-1

I created and saved a neural network on a script called "training_net.py". As recommended in the sklearn website (http://scikit-learn.org/stable/modules/neural_networks_supervised.html#tips-on-practical-use) I scaled the training set and used the same scaler for the test set.

Now I have a script, called "prediction.py", that takes as input a vector of parameters and the neural network created in "training_net.py" and gives a classification as output.

My doubt is about the scaling of my input in "prediction.py". I guess I should scale the input with the same transformation I used in "training_net.py", but I don't understand how to get the transformation parameters from the scaler used.

When I do scaler.get_params() I just get the following information: {'copy': True, 'with_mean': True, 'with_std': True}

Here is a small code extract to show better what I mean.

training_net.py

#scale training and test data
scaler = StandardScaler()
scaler.fit(training_data)

training_data = scaler.transform(training_data)
test_data = scaler.transform(test_data)

clf.fit(training_data, training_label)
nn_name = "NN.pkl"
joblib.dump(clf, nn_name)

clf = joblib.load(nn_name)
print clf.score(test_data, test_label)

prediction.py

model_name = "NN.pkl"
clf = joblib.load(model_name)

#need to scale input_parameters before predicting!
#?

print clf.predict(input_parameters)
Trillian
  • 21
  • 6
  • Why not pickle the StandardScaler too? – Vivek Kumar Jul 31 '17 at 13:31
  • Also, what you need are the attributes, not parameters.

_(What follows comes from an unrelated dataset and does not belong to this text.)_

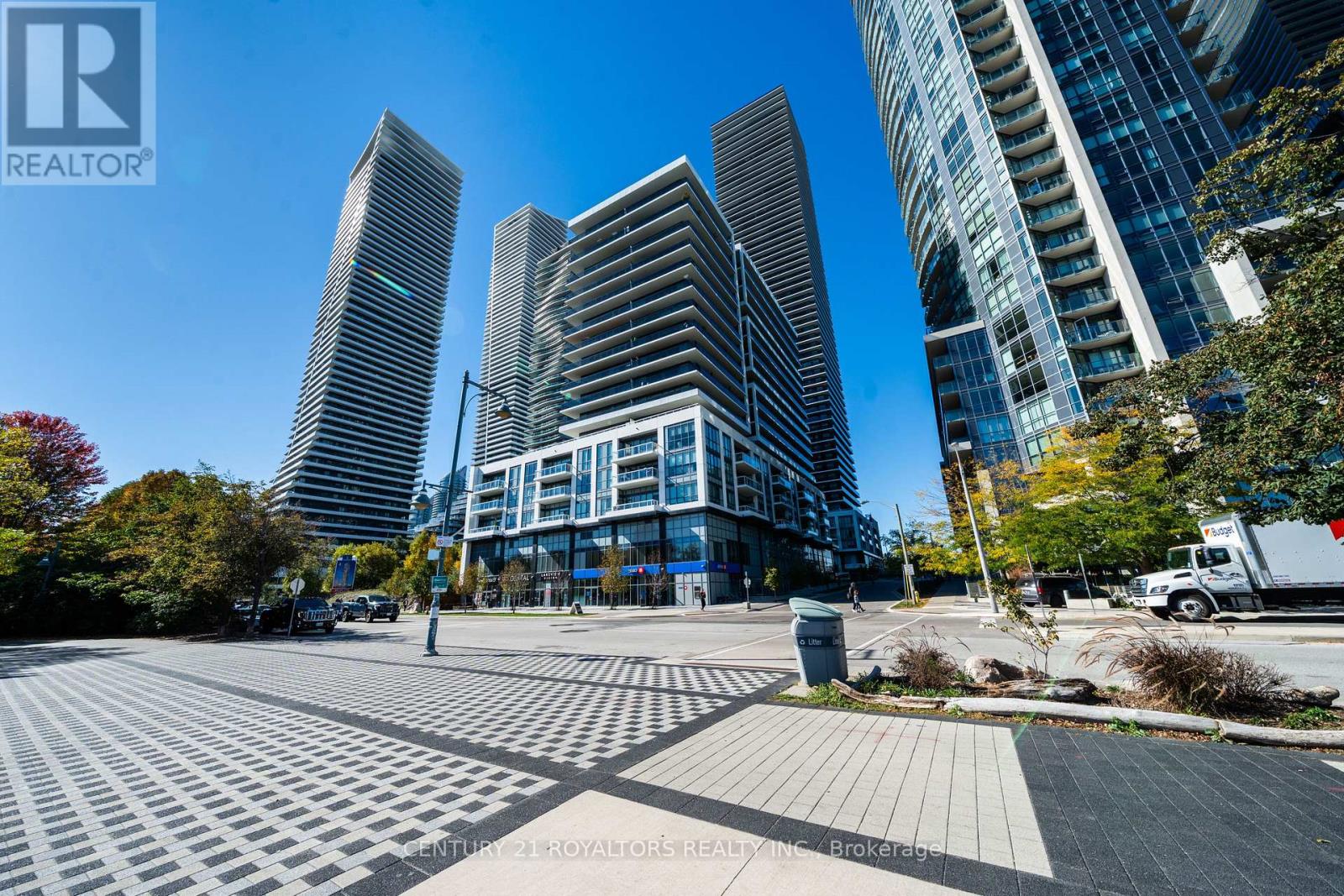 1402 - 70 ANNIE CRAIG DRIVE, Toronto, Ontario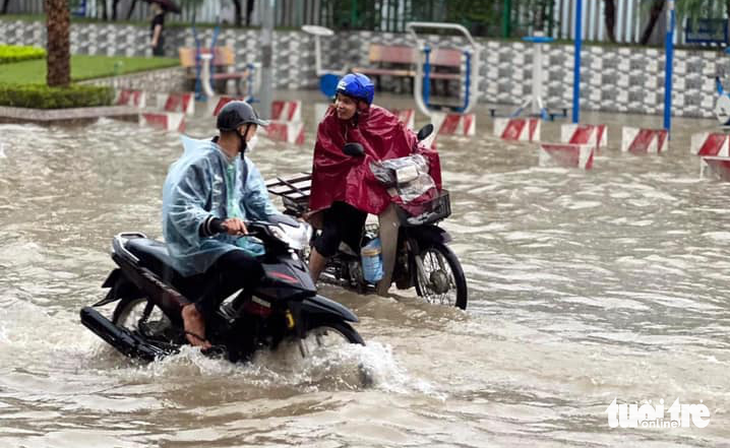 Chiều 3-8, mưa lớn cũng gây ngập úng tại nhiều tuyến phố của TP Thái Nguyên - Ảnh: ĐỖ THẮNG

See the [documentation](http://scikit-learn.org/stable/modules/generated/sklearn.preprocessing.StandardScaler.html) for available attributes which will be learnt from the data. – Vivek Kumar Jul 31 '17 at 13:33
  • That was my problem, how to pickle it. Anyway, since I didn't know what pickle meant, I made a search with the keywords 'pickle standardscaler' and found the answer in Stackoverflow itself. Thank you! And you are right, I need attributes, not parameters, thanks for the clarification. Here the answer: https://stackoverflow.com/questions/35944783/how-to-store-scaling-parameters-for-later-use – Trillian Jul 31 '17 at 14:16
  • In your code, you are already pickling the `clf` object using `joblib.dump`. Use the same technique to save the CountVectorizer. – Vivek Kumar Jul 31 '17 at 14:18
  • Actually that answer is exactly what you said. Printing the available attributes. Could you write your comment as answer? Then I can confirm it and close the question. – Trillian Jul 31 '17 at 14:20
  • ah! True. I didn't know I could use it for anything. Thanks – Trillian Jul 31 '17 at 14:23
  • Glad could help. And its even [recommended by the scikit documentation](http://scikit-learn.org/stable/modules/model_persistence.html) to use joblib instead of simple pickle to save scikit-learn objects. – Vivek Kumar Jul 31 '17 at 14:25

1 Answers1

0

As Vivek Kumar answered in the comment, it is enough to pickle the Standard scaler.

joblib.dump(scaler, "scaler.pkl")

Here you can also find a similar question (and answer) I couldn't find in my first search: How to store scaling parameters for later use

Trillian
  • 21
  • 6